Last month, DOJ attorneys filed a sentencing memo arguing he should spend 36 months in prison and pay a $50 million fine after he pleaded guilty to violating the Bank Secrecy Act in November. "The sentence in this case will not only send a message to Zhao but to the world. Zhao reaped a vast profit from his violations of U.S. law, and the cost of that violation must be high to effectively punish Zhao for his criminal acts and send a message to others," wrote prosecutors in the filing.
Zhao faced up to 18 months in jail according to the terms of his plea agreement. "The scope and ramifications of Zhao's misconduct were massive," the DOJ argued in its filing on Tuesday.
"This was, in part, because Zhao had failed to implement an effective Binance AML program at Binance, allowing for the proceeds of crimes, including through operation of mixing services that hid the source and ownership of the cryptocurrency, transacting in illicit proceeds from ransomware attacks, and moving proceeds of darknet market transactions, hacks by exchanges, or other internet-related scams," the filing said.

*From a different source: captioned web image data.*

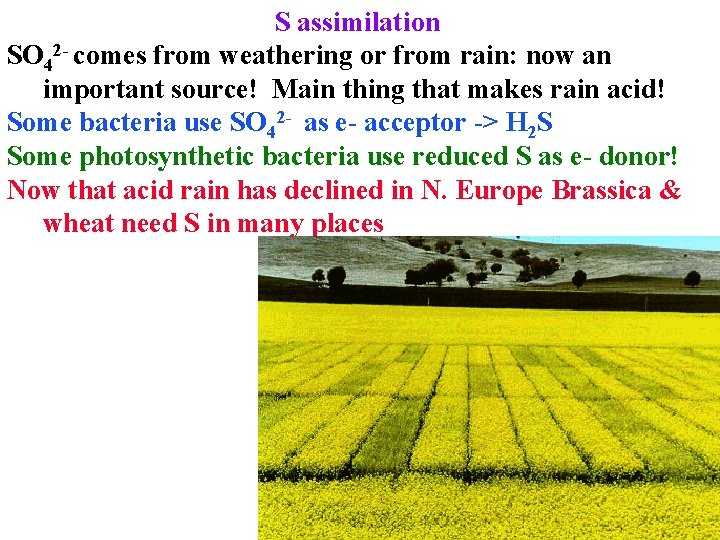 S assimilation SO 42 - comes from weathering or from rain: now an important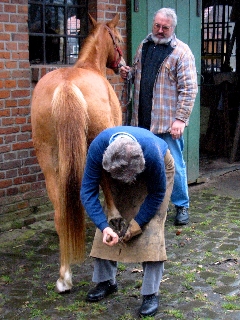 hufbeschlag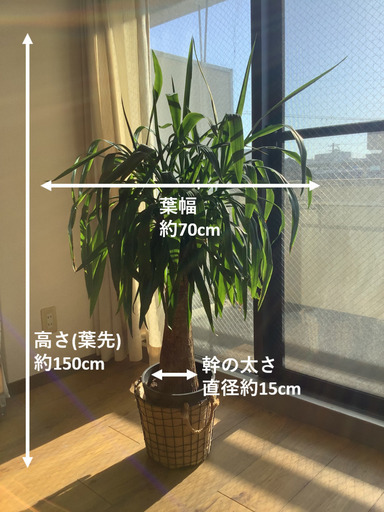 ★受付終了 ユッカ エレファンティペス マヤツリー 8号 (観葉植物)  本物•良品•美品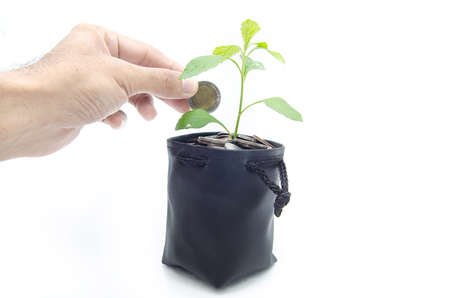 Investing to green business on white backgroundの写真素材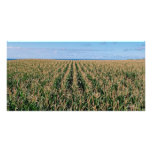 Corn field custom photo card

Much of the filing rehashes arguments made by the DOJ when it first announced charges against Binance and Zhao last year, pointing to how the exchange did business within the U.S.
The filing also walks through the DOJ's sentencing guidelines calculations, which suggest 12-18 months of sentencing. This was underscored by quoting Zhao as knowing that Binance was breaking the law and encouraging it.
The filing also took a shot at how the Sentencing Guidelines address Bank Secrecy Act violations, saying that they "are not designed to adequately punish either misconduct on this scale or misconduct that harms U.S. national security." Prosecution and Zhao defense had agreed to a $50 million fine, nevertheless. Zhao also waived his right of appeal to any sentence stretching up to 18 months.
He was originally set to be sentenced in late February, but the hearing was postponed by mutual agreement to April 30. Since he first appeared in federal court in Seattle, Washington, last year, he has not been able to return to Dubai, where he has a partner and some of his children live.
At the same time, the biggest crypto exchange in the world, Binance, has pleaded guilty to some of its charges and agreed to pay a mammoth fine of $4.3 billion, as well as reporting to a monitor who will be appointed by the court. The court has yet to appoint the said monitor.